- Nie wiem. Po prostu wiedziałam - odparłam.
Pies kiwnął tylko głową i ruszył dalej.
- Gdzie idziesz? - spytałam nadal stojąc w miejscu.
- Do siebie - odparł obojętnie.
Podbiegłam do niego.
- A może zapolujemy? - zaproponowałam.
Pies spojrzał na mnie jak na wariatkę. Gdy odwrócił łeb zauważyłam raną na boku. Przyjrzałam się dokładniej.
- Nieźle zaryłeś - stwierdziłam. - Najpierw trzeba Ci to opatrzyć.
- A po co? Daj sobie spokój - burknął.
Machnęłam stanowczo łbem.
- Próbowałeś kiedyś zaufać innym psom? Oprócz Taylor?
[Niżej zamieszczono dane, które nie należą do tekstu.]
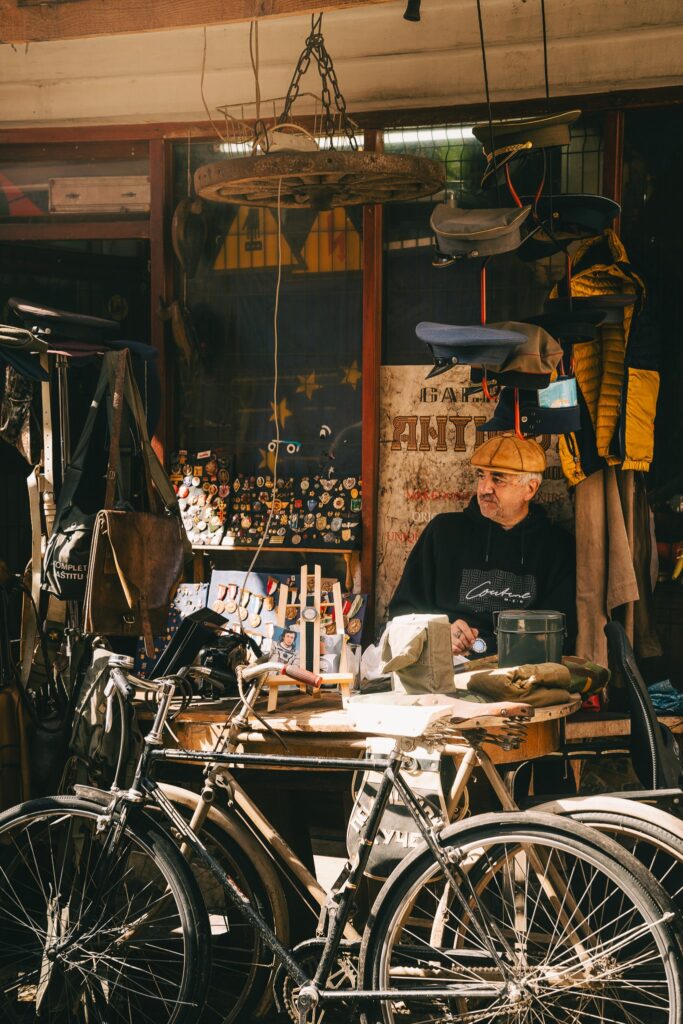 A man sits at a cluttered workbench surrounded by various items and bicycles. He's wearing a cap and glasses, working with tools in a shop filled with hats, buttons, and trinkets. Sunlight streams in through the window, casting a warm glow reminiscent of one day in Skopje.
- Skąd wiesz? - zmierzył mnie lodowatym spojrzeniem.
- Takie rzeczy się wie. To co? Chcesz żeby wdała się infekcja i żeby łapa Ci odpadła?
Pies nie odpowiedział, ale tylko kazał mi ruchem głowy iść za sobą. U jego w jaskini natychmiast obejrzałam ranę i zawinęłam liściem. To mogło wystarczyć, aby Dess mógł polować i biegać.
- Trzeba będzie zmieniać opatrunek, ale to nic. Dasz sobie radę. Dobra to... idziemy na to polowanie? - uśmiechnęłam się przyjaźnie do psa i postawiłam uszy.